Drift Detection
How Arnold finds the gap between what your docs say and what your code does.
What is documentation drift?
Documentation drift is the gap between what you said to build and what actually got built. It happens naturally:
- Someone changes a constant but doesn't update the docs
- A feature gets descoped but the docs still describe the full version
- A new developer implements something differently than documented
- An AI coding agent builds code from a conversation that's now gone
Over time, docs and code quietly diverge. Nobody notices until something breaks.
How Arnold detects drift
When you run /arnold:check, Arnold:
- Reads all docs - Every markdown file in your
docs/folder - Extracts claims - Specific, verifiable statements like "sessions expire after 24 hours" or "maximum 20 spots per class"

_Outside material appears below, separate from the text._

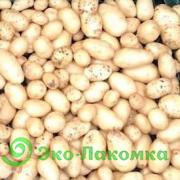 Картофель беби  от Колхоз номер 1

- Reads all code - Source files, configs, constants, function signatures
- Matches claims to code - Finds the code that corresponds to each claim
- Reports mismatches - With file references, line numbers, and specific values
The three categories
🔴 DRIFTED
Docs say one thing, code says another. These are the critical items - an explicit mismatch between intent and implementation.
🟢 ALIGNED
Docs and code agree. Arnold found evidence in the code that matches the documented behavior.
🟡 GAPS
Something is documented but has no code (or code exists without docs). Not a conflict - just an incompleteness.
Snapshots
After each /arnold:check, Arnold creates a snapshot. This makes subsequent checks faster - only changes since the snapshot need to be analyzed. Use /arnold:diff for a quick snapshot-based check between full checks.